A hearing panel of the Canadian Investment Regulatory Organization (CIRO) has accepted a settlement agreement with Pollitt & Co. Inc., wherein the firm agreed to sanctions and costs totalling $190,000. Broken down, the firm was fined $175,000 and ordered to pay costs in the amount of $15,000.
Between January and December 2020, the firm failed to have and maintain risk adjusted capital greater than zero and failed to notify the regulator when it was less than zero. It failed to establish and maintain adequate internal operational and financial reporting controls; it is also being sanctioned for failing to keep and maintain a proper system of books and records.
Among the firm’s transgressions, it entered into underwriting commitments without the required capital capacity, had deficient risk adjusted capital (RAC) on a number of occasions, did not assign appropriate bond trader limits, assigning order limits that were excessive given the firm’s RAC, overstated and understated a number of measures (these are itemized in the regulator’s settlement agreement with Pollitt & Co.) and failed to maintain books for related party transactions.
The deficiencies were noted in firm’s 2020 field examinations and again in January 2022.
“Several of the findings made during FinOps’ (CIRO’s Financial & Operations Compliance department) field exam were repeat findings that the respondent had failed to correct notwithstanding FinOps’ prior reports and recommendations and the respondent’s representations to FinOps that it would correct such deficiencies,” the settlement agreement states.

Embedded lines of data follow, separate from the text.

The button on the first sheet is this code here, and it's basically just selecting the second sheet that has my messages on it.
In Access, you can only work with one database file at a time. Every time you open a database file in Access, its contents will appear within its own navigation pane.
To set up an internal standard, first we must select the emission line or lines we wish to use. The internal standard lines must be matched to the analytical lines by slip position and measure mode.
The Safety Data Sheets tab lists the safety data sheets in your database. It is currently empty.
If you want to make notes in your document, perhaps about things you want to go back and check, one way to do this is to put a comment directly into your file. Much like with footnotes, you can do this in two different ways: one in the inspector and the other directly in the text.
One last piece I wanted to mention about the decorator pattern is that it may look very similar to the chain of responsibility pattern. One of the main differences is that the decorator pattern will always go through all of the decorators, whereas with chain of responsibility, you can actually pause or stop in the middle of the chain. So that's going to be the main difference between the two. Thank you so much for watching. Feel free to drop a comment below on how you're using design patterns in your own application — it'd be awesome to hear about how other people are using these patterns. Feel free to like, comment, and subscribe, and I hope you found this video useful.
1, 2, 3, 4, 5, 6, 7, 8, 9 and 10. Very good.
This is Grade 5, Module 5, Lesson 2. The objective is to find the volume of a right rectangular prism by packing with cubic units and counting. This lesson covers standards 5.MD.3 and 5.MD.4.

Regarding the bond trading activity, the regulator reportedly warned the firm on multiple occasions about its obligation to report, but since the inception of the firm’s bond trading desk in September 2018, it failed to report bond trades on the Market Trade Reporting System, as required, until 2022 when it received notice that CIRO was considering terms and conditions on the firm’s membership. Those conditions include a provision that a financial monitor review the accuracy and completeness of the firm’s financial reporting.
Those reporting deficiencies, highlighted by the regulator, included Pollitt & Co. commingled its trading activities with activities in its parent company’s account, failing to appropriately value and report all transactions. It failed to appropriately value and report all transactions related to promissory notes and loans between the two companies. It is also being sanctioned for a variety of general ledger deficiencies. Finally, the firm paid compensation in the way of broker warrants to Doug Pollitt, a compensation expense that was not properly recorded. In addition, the firm’s bookkeeping failed to consider International Financial Reporting Standards, as required, in five instances in 2021 related to revenue from new issue financing.
Balances were also not reconciled and unresolved differences were not reported. In one example, month-end reconciliation in December 2020 from one broker showed an unresolved cash difference of approximately $1.1-million, which had existed since October 2018. The matter was not resolved until October 2021.
Later, between May 2021 and January 2022, while the firm was designated in Early Warning Level 2, it made payments to its parent company without obtaining written consent from CIRO. While in early warning level 2, the firm also failed to deliver requisite filings. “The respondent filed its MFR (monthly financial report) late every month from July 2020 to December 2021. The respondent was also repeatedly late in filing its weekly capital reports,” the settlement agreement states.
Ahead of reaching the settlement agreement with Pollitt & Co., CIRO imposed terms and conditions on the firm’s membership on February 3, 2023.